Monitor food production

The Cropland and Pastures Agency closely works with farmers to ensure that they employ the right farming techniques that ensure that the food produced is produced sustainably, and is fit for human consumption. Towards this, the agency has some agrichemicals that it bans from use, based on scientific evidence of their detrimental effects on human health, the environment, and animals. It regularly tests crops and animals to ensure they are being reared as per regulations.

Besides the quality of production, the agency also monitors quantity. Farmers receive leases competitively. A less-than-ideal production is picked up by the agency, which engages the farmer to see whether there is any help they need to boost production.
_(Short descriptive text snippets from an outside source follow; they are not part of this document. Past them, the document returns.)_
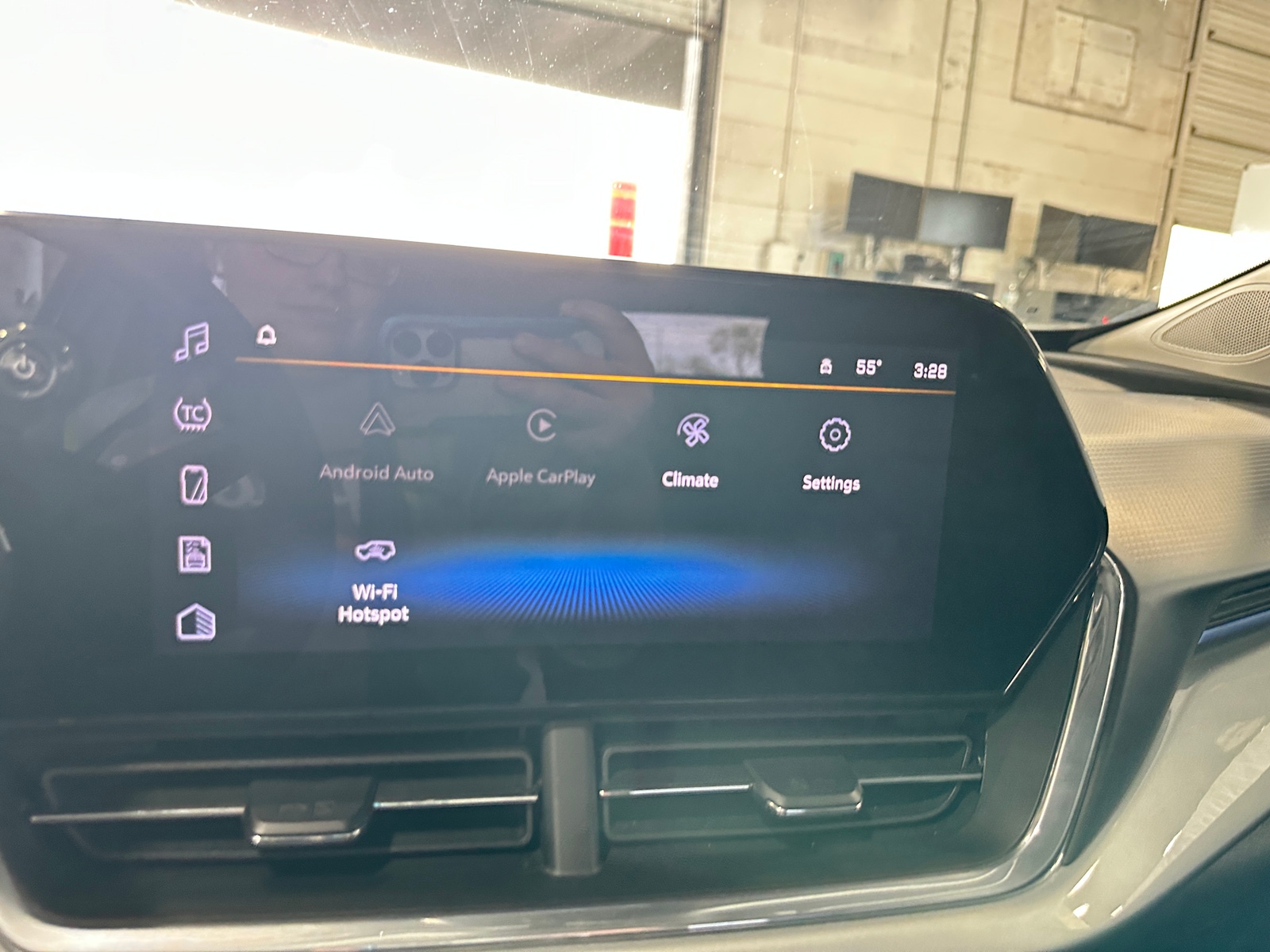 Thumbnail: 2025 Chevrolet Trax - 4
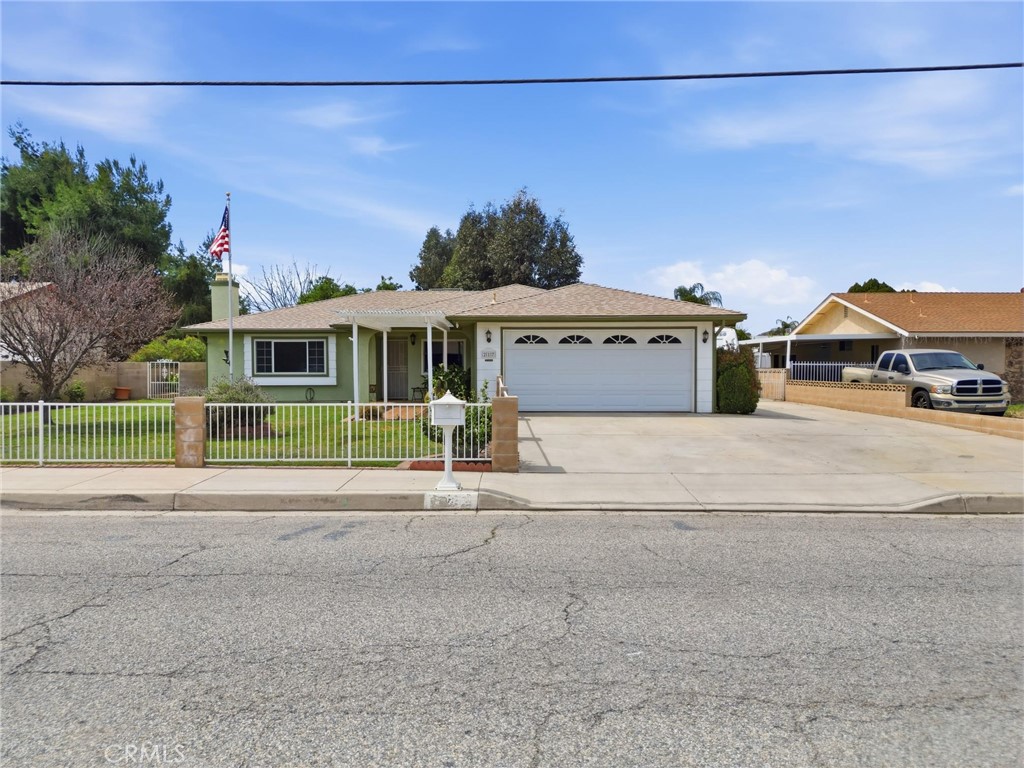 217 N Hemet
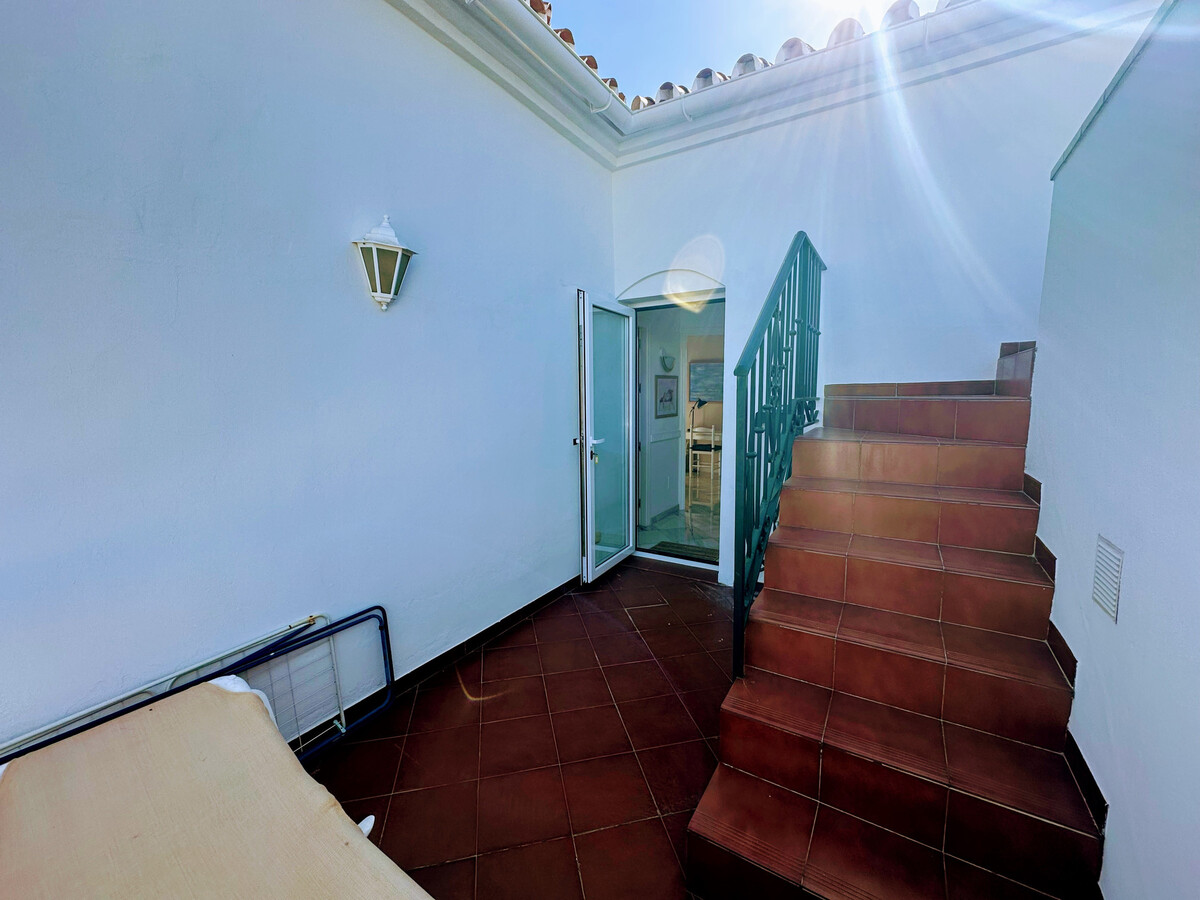 Villa 180 m² vue montagne, piscine privée à Nerja - Photo 22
If the interventions do not help, the agency can cancel the lease and award it to another farmer who shows that they are more capable.

The agency keenly promotes soil regeneration techniques. Overgrazing, persistent monocultural cultivation, and improper irrigation techniques are all discouraged. The agency routinely monitors the farming and ranching practices to ensure that farming is sustainable and that these practices are not practiced.


The Cropland and Pastures Agency appreciates the importance of information in enabling farmers to attain high productivity using the right methods. The agency also empowers contractors who help farmers with information on agriculture best practices that help them farm as the agency recommends.

Training sessions, which are mostly conducted online, aim to empower farmers to produce food in ways that promote the safety and health of consumers and the environment. They are also trained on how to run successful agribusinesses, by, for instance, finding alternative, organic farm inputs, animal feed formulations, and marketing techniques. The Cropland and Pastures Agency contracts experts to formulate training modules that target all types of farming.

How the agency works

Background on presidencies

Every presidency in the community presidency is a four-member entity whose members represent one of the four major demographics: married men (A), married women (B), single women (C), and single men (D). However, a president serves the whole community in their role, rather than only their own demographic. Presidents’ diversity and commitment to serve all is provided for in the community bylaws and ensures that all access services without any discrimination.

These four major demographics are evenly split in ordinary society, with each group accounting for between 23 and 27% of the population, and with regular fluctuations as people’s status changes. The community appreciates that discrimination across all social categories happens based on marital status, other social categorizations notwithstanding; married men are likelier to dominate other demographics, especially single men and single women. Married women are also likelier to have better prospects in careers and leadership than single women.

The community’s infrastructure promotes equal access to economic and social resources and opportunities. The composition of the community as a whole and those who serve it in the community public service is closely monitored to prevent numerical domination, which can lead to nepotism or unequal access.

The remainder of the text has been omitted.